> _TASK BRIEF_:
Please reproduce the lines from the one containing "Madre E Figlia" through the end of the data below exactly as they stand, and omit all pictures.
[[ DATA TO EXAMINE open ]]
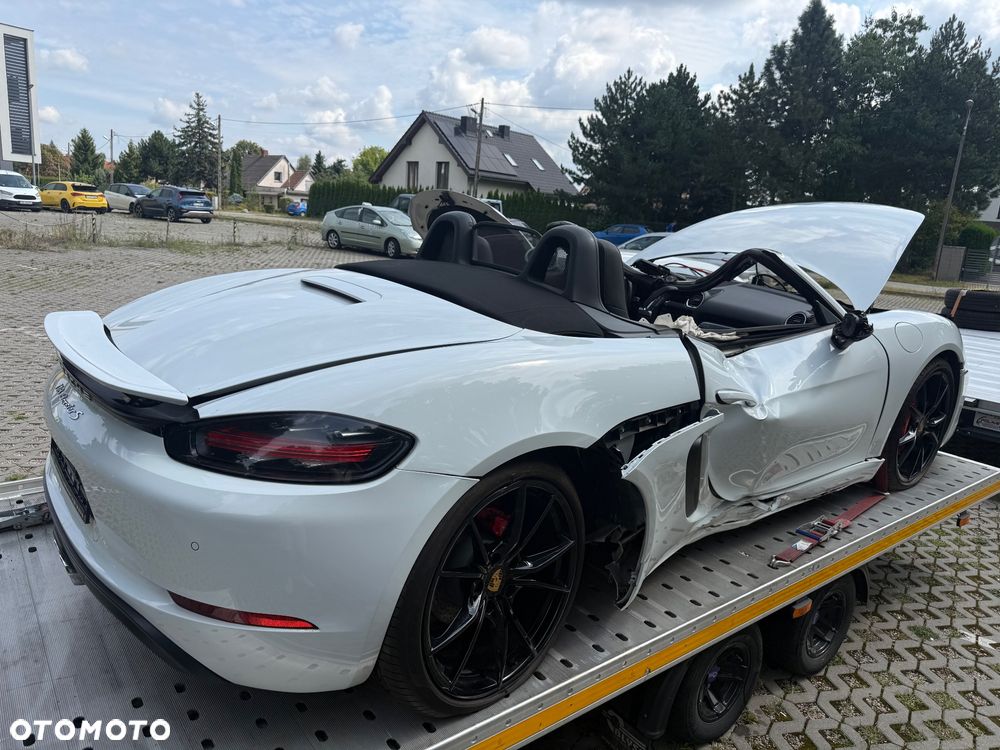 Porsche 718 Boxster S - 8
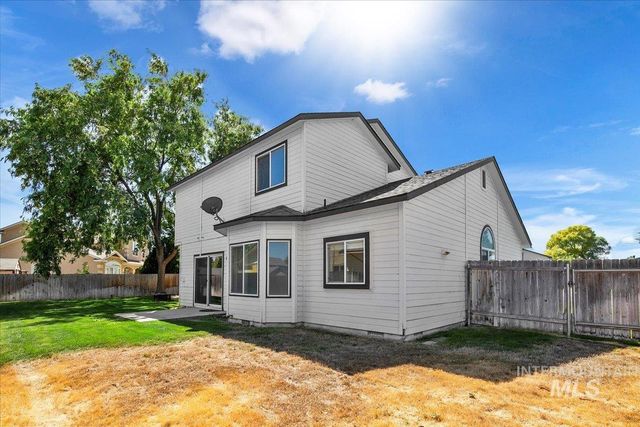 36 S Bonner St, Nampa, ID 83651
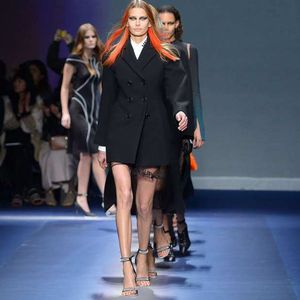 Fashion Week Hiver 2017 : Versace en formes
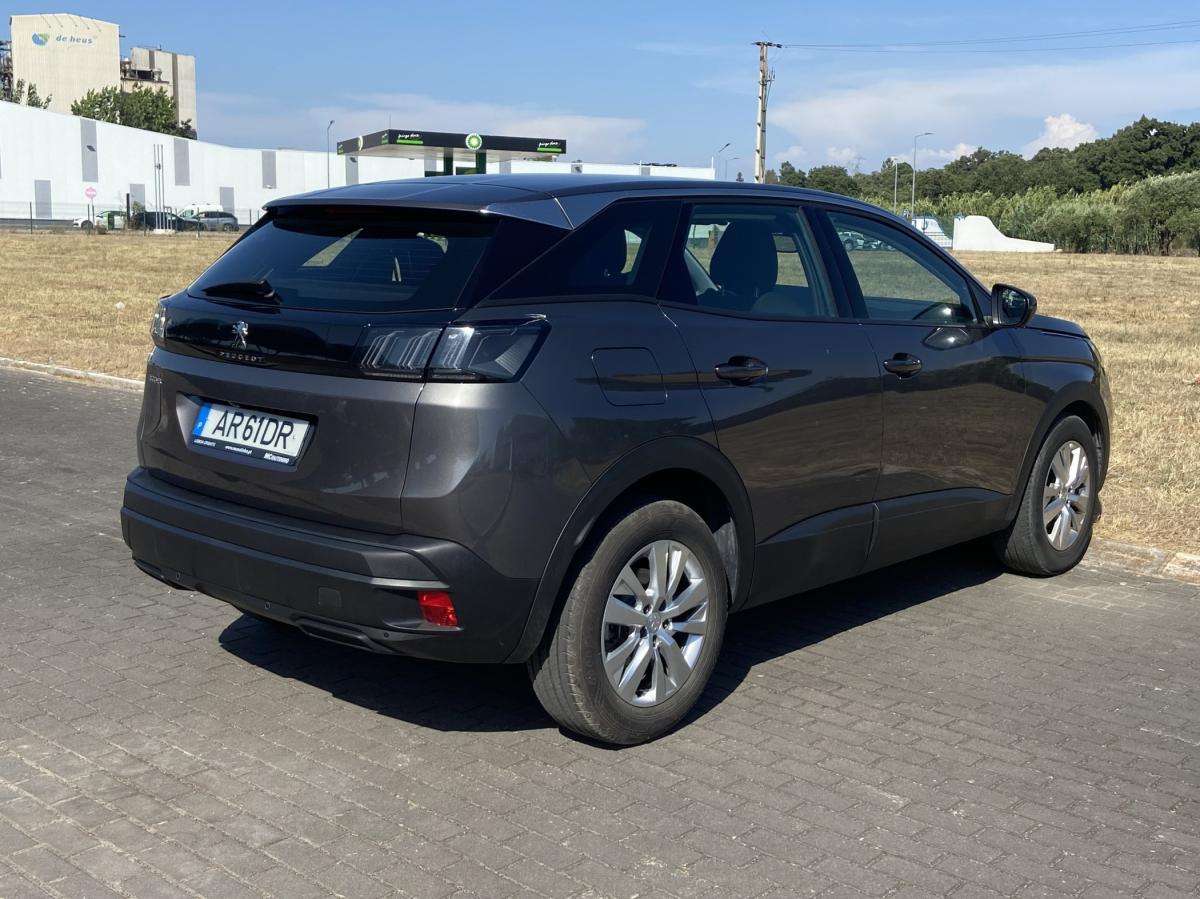 peugeot-3008-2022-diesel-1499cc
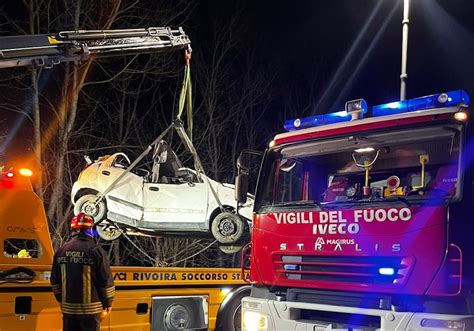 Madre E Figlia Di E Anni Muoiono Sulla Strada Tra Fossano E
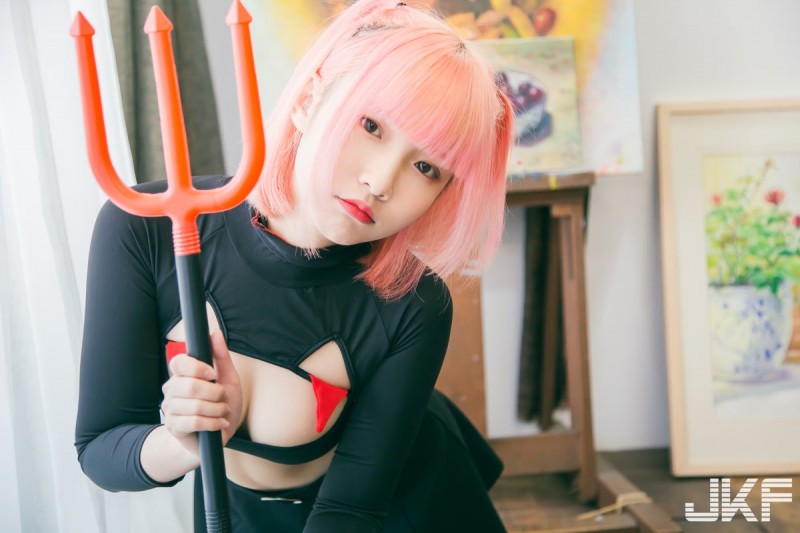 二次元少女「咖咖」挖空爆乳服辣到翻，超深事業線瞬間把你征服！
[[ DATA TO EXAMINE closed ]]
> _WRITTEN REPLY_:
 Madre E Figlia Di E Anni Muoiono Sulla Strada Tra Fossano E
 二次元少女「咖咖」挖空爆乳服辣到翻，超深事業線瞬間把你征服！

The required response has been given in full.